DATA BLOCK =
== Segment start ==
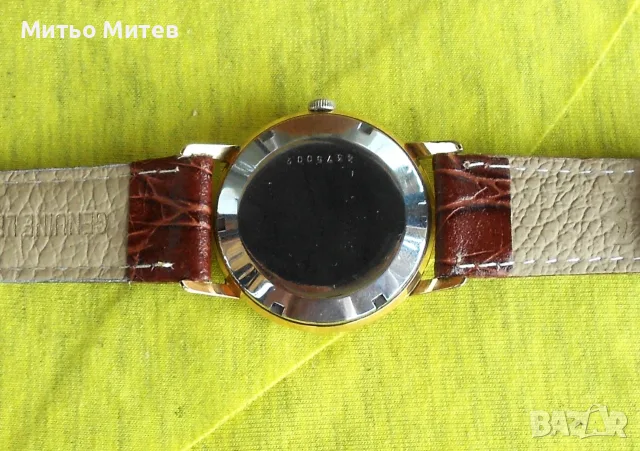 Eterna-matic 2 Eterna, снимка 9 - Мъжки - 55832067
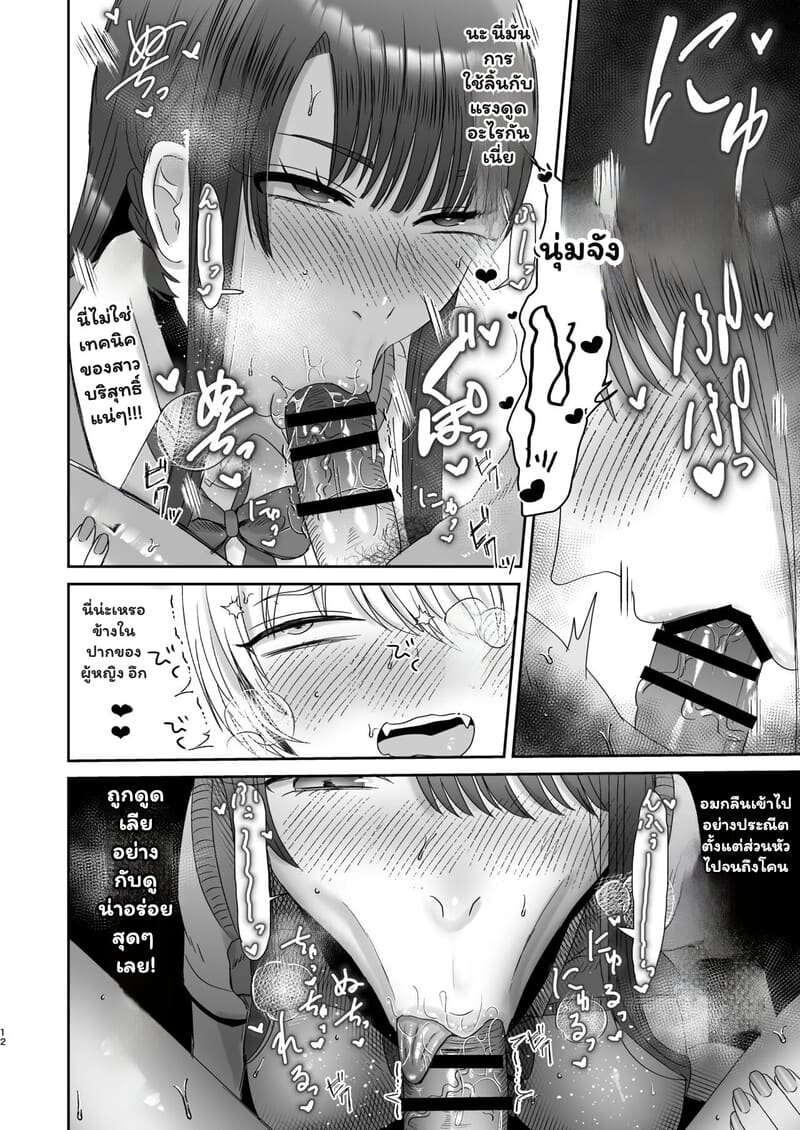 เดตแรกที่พลิกผัน หนุ่มซิงกับสาวร้าย 10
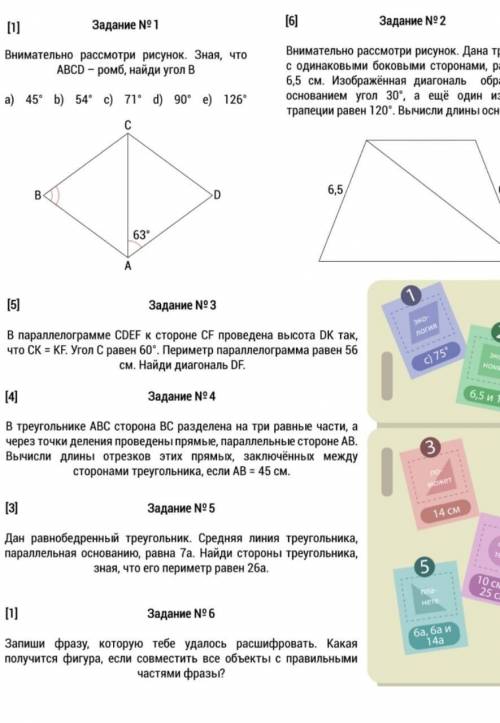 Соч по геометрии дам​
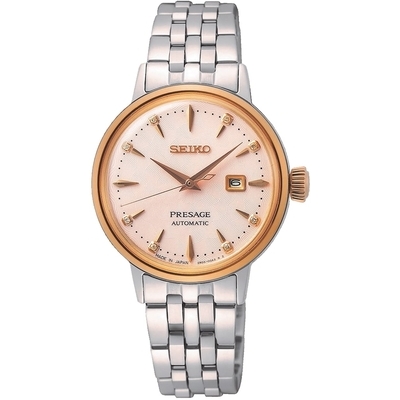 Seiko Presage Cocktail női óra (SRE012J1)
== Segment end ==
Copy out every line of the material above precisely, omitting the pictures.

WORKED SOLUTION =
 Eterna-matic 2 Eterna, снимка 9 - Мъжки - 55832067
 เดตแรกที่พลิกผัน หนุ่มซิงกับสาวร้าย 10
 Соч по геометрии дам​
 Seiko Presage Cocktail női óra (SRE012J1)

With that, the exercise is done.